C’est pourquoi, il importe aujourd’hui de considérer Jésus seul. Il ne s’agit pas de beaucoup parler de lui, mais de le contempler et de protéger ce silence qui l’entoure et nous l’offre. Je pense à cette méditation de Benoît XVI devant le Saint-Sacrement à Lourdes : « Tu es là! » Tout est dit dans cette exclamation. Plus largement, tout le christianisme est récapitulé dans la personne du Sauveur. « Souviens-toi de Jésus Christ, voilà mon Évangile ! », disait Paul. Si Newman disait en son temps que le chrétien est quelqu’un qui a le sens permanent de la présence de Dieu, on peut ajouter cette précision : le chrétien est un homme, une femme pour qui le Christ est devenu quelqu’un. Et ce fait précède toute morale, mais inspire toute action ici-bas.
Frères et sœurs, il y a quelque chose qui me frappe quand je passe à l’Esplanade, spécialement à cette période de l’année. Il y a une frénésie, une fièvre, une espèce d’ivresse qui imprègnent les foules qui y déambulent. Tout le monde se croise, mais qui se rencontre ? N’y a-t-il pas là un esprit tout différent de celui de Noël ? La contemplation de l’Enfant de Bethléem — de Celui qui n’a rien sinon lui-même — n’est pas une évasion du réel. Elle nous exerce à considérer l’autre pour qui il est et non en fonction de l’intérêt que nous pourrions en retirer. En d’autres mots, la contemplation nous prépare à cette action royale qu’est l’amour du prochain pour lui-même. Si nous apprenons à contempler le Christ, à aimer le silence qui l’entoure, notre regard sur le monde extérieur changera aussi.

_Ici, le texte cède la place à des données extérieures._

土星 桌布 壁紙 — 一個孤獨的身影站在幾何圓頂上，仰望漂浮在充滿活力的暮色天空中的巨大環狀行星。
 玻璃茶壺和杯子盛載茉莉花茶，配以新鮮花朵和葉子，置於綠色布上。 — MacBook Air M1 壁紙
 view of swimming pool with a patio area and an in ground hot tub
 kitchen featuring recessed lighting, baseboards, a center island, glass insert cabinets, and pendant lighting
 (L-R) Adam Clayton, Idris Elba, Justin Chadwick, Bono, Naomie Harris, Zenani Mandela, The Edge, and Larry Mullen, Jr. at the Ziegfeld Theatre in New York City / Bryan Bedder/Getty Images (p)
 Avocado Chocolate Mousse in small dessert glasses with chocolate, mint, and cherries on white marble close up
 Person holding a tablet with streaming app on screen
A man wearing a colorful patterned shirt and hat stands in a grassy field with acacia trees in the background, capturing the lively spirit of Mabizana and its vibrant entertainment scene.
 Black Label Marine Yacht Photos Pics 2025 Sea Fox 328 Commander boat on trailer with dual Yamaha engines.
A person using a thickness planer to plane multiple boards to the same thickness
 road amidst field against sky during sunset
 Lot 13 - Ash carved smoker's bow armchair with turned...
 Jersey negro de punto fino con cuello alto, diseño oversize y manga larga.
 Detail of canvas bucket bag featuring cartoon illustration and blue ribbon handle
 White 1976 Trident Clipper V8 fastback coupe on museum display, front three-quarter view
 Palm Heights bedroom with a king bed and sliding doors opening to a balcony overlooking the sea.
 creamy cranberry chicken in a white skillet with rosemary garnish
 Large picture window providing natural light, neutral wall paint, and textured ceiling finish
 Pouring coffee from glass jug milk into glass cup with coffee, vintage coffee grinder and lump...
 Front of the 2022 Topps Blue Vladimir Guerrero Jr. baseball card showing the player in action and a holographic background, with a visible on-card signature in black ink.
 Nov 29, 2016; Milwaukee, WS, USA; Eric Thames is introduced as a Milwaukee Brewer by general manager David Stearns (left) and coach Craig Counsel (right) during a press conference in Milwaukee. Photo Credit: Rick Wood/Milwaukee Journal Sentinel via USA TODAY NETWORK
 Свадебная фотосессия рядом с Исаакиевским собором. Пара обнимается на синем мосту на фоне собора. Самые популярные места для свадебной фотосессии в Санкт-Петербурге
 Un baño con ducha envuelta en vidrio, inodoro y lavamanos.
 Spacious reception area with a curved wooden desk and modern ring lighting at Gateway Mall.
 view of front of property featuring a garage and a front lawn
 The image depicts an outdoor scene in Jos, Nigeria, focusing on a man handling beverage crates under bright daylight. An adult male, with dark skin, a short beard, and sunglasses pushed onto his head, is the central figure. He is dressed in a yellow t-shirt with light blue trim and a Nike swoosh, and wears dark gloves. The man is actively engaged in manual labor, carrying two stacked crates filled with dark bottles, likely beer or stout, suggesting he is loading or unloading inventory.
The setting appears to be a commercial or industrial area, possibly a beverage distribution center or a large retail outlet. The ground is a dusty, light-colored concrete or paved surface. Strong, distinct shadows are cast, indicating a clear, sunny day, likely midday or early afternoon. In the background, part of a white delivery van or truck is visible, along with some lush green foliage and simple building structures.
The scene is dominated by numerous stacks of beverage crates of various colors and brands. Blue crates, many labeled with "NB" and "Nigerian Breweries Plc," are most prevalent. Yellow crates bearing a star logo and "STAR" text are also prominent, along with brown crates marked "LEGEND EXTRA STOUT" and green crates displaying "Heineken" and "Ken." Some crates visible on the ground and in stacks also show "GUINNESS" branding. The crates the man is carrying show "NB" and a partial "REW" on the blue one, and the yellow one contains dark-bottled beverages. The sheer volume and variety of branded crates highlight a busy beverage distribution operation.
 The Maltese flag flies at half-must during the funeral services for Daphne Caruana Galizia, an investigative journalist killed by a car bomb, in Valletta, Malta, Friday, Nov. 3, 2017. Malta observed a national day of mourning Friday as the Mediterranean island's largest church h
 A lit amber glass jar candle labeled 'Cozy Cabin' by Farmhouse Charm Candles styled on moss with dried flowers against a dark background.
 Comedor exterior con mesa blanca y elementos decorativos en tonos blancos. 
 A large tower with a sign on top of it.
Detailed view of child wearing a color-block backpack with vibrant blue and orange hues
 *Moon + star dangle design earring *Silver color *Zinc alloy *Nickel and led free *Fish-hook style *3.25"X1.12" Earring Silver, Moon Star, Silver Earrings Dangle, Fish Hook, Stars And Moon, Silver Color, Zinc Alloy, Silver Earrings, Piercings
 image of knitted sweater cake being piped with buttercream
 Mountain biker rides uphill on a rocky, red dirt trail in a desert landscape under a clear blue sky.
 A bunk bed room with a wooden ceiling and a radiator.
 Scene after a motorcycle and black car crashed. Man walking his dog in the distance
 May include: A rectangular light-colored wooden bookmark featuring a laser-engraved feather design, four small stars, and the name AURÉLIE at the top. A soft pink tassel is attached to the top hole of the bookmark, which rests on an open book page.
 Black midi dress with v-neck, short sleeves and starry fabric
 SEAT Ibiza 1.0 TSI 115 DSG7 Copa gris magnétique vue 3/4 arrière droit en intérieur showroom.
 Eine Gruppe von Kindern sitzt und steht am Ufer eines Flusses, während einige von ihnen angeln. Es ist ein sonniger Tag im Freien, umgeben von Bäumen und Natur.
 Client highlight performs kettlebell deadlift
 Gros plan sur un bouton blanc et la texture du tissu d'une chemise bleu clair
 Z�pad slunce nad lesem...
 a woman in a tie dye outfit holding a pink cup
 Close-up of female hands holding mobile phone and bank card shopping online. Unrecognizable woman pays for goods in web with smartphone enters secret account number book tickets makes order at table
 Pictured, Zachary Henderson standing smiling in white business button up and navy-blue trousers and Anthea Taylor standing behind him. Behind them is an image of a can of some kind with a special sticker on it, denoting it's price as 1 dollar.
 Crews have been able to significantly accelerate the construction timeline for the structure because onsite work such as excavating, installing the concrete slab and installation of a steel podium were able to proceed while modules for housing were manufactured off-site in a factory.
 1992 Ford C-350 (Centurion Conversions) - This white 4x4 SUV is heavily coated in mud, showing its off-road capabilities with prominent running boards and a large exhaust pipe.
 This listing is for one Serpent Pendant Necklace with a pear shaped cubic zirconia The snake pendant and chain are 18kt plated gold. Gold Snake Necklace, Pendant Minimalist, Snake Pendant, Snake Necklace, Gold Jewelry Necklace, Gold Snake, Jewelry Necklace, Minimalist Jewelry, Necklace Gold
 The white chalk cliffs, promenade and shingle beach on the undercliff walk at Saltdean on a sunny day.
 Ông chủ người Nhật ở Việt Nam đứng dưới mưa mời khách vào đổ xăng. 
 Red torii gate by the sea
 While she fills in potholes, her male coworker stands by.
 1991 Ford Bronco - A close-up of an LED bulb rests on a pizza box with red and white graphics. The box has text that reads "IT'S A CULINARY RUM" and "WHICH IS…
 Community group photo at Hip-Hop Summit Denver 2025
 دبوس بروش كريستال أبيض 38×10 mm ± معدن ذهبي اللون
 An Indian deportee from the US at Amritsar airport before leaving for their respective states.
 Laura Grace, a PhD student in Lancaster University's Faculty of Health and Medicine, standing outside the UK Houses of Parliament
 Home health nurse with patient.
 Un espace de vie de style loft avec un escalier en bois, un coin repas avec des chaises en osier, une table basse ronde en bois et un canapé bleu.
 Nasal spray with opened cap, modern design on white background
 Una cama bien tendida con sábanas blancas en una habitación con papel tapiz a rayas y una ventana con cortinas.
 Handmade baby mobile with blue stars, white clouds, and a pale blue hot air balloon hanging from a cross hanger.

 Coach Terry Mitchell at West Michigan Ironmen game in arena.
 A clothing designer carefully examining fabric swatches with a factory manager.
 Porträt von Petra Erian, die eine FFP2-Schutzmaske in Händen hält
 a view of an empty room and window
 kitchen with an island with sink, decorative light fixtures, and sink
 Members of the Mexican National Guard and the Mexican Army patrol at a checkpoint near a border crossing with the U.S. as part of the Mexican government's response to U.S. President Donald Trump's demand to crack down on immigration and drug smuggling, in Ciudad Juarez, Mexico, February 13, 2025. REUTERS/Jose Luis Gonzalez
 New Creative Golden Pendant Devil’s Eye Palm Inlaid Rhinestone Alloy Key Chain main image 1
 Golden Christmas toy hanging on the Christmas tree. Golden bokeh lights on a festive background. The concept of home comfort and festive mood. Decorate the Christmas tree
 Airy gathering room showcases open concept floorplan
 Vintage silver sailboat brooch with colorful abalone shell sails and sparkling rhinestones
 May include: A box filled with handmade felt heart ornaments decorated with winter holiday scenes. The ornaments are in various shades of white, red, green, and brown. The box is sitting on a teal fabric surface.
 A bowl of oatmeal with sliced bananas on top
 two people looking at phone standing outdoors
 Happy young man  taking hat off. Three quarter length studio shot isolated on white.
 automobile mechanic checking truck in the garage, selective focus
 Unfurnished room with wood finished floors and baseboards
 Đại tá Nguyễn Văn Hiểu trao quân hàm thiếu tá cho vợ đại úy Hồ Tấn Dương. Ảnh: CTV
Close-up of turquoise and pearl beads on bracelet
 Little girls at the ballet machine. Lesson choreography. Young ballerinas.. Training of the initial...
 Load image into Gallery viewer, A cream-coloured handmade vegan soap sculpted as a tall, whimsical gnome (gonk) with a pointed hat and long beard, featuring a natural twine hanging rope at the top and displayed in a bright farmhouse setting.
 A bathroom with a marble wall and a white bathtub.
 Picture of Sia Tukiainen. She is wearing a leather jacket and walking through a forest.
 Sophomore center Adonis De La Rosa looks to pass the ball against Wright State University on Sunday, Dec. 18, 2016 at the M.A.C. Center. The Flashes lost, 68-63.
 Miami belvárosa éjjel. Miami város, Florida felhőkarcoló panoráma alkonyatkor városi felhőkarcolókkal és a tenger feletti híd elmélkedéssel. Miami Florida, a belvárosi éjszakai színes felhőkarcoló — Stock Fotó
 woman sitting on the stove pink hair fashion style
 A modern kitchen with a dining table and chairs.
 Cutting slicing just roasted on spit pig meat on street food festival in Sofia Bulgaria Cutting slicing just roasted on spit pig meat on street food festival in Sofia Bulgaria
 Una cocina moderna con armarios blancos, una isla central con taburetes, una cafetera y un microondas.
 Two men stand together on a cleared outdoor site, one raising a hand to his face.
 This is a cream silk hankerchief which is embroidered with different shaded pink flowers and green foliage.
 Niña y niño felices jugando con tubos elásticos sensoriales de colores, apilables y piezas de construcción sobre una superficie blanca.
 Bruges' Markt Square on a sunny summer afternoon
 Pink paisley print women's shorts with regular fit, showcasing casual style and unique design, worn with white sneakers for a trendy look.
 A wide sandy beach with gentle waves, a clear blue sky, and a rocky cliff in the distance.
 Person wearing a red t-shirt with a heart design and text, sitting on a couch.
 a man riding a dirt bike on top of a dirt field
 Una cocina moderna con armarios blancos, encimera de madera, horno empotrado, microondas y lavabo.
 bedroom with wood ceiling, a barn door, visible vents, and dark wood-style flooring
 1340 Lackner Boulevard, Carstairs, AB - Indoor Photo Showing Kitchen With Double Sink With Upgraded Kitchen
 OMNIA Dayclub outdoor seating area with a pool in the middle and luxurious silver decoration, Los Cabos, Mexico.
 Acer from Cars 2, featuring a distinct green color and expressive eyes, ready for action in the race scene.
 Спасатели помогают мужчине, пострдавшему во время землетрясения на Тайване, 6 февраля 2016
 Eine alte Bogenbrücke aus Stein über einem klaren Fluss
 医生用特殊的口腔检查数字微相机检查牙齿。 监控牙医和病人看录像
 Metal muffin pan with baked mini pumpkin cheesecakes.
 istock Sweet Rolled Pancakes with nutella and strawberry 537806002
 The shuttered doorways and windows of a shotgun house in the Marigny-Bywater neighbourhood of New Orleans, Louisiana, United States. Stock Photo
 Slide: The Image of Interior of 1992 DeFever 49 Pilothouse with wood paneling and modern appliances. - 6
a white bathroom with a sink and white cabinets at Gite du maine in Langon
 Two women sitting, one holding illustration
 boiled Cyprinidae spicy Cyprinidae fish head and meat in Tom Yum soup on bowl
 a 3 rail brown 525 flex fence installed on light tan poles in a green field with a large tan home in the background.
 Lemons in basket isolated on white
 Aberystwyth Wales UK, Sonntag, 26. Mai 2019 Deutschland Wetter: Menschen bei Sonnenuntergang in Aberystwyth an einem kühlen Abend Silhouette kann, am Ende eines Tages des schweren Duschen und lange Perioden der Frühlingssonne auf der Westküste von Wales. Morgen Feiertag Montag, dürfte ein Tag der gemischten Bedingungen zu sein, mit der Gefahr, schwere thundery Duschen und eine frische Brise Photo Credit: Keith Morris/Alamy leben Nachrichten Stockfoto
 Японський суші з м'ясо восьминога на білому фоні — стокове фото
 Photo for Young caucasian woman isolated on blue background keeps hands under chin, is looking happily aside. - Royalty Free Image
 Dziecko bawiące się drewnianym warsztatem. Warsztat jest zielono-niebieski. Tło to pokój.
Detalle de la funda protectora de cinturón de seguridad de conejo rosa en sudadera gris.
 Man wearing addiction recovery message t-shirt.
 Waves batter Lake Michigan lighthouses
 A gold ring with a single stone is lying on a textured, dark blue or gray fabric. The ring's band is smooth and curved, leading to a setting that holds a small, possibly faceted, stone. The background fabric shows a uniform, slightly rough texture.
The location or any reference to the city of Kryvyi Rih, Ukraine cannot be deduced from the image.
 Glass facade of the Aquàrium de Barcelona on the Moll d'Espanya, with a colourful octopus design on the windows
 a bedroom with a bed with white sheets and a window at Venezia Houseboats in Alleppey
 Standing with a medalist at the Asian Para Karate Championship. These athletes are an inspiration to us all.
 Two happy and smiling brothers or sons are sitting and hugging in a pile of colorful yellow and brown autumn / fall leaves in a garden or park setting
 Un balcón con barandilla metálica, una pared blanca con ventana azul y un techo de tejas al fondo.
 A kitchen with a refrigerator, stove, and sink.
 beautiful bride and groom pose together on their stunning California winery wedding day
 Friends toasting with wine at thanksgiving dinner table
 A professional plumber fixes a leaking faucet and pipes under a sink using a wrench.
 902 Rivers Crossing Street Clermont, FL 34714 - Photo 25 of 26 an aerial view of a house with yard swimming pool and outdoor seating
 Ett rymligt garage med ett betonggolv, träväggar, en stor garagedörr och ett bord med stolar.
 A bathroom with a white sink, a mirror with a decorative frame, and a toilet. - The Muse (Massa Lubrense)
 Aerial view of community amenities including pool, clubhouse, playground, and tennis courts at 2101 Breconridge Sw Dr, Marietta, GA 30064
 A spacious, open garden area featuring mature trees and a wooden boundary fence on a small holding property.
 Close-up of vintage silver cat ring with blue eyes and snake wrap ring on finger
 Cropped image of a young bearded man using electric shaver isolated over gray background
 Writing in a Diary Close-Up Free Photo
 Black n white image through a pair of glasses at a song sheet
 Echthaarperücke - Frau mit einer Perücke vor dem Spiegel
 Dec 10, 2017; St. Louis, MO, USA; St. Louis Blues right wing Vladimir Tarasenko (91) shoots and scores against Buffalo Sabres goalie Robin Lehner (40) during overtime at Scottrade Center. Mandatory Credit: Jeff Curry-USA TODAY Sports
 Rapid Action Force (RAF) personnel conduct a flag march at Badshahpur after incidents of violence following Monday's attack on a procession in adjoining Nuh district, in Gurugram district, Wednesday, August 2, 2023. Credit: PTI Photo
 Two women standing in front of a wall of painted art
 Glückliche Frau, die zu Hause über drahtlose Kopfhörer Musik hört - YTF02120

L’âme humaine aura droit à plus de considération de notre part. Comparaison, jugement et jalousie seront moins à l’aise en nous… Voilà frères et sœurs quelques mots à peine. Certains curés, parce qu’il voient le jour de Noël des visages inconnus, se fendent d’un sermon plus copieux. Mais il ne faudrait pas qu’en vous parlant longuement, on brise le silence qui doit toujours entourer le Seigneur, et que mes paroles contredisent ce à quoi je vous appelle : contempler Jésus. Ne passez pas à coté de lui dans l’indifférence, mais laissez-vous gagner et convertir par sa lumière. Apprenez à discerner en lui « le plus beau des enfants des hommes » et apprenez ainsi à faire du cas de chaque âme.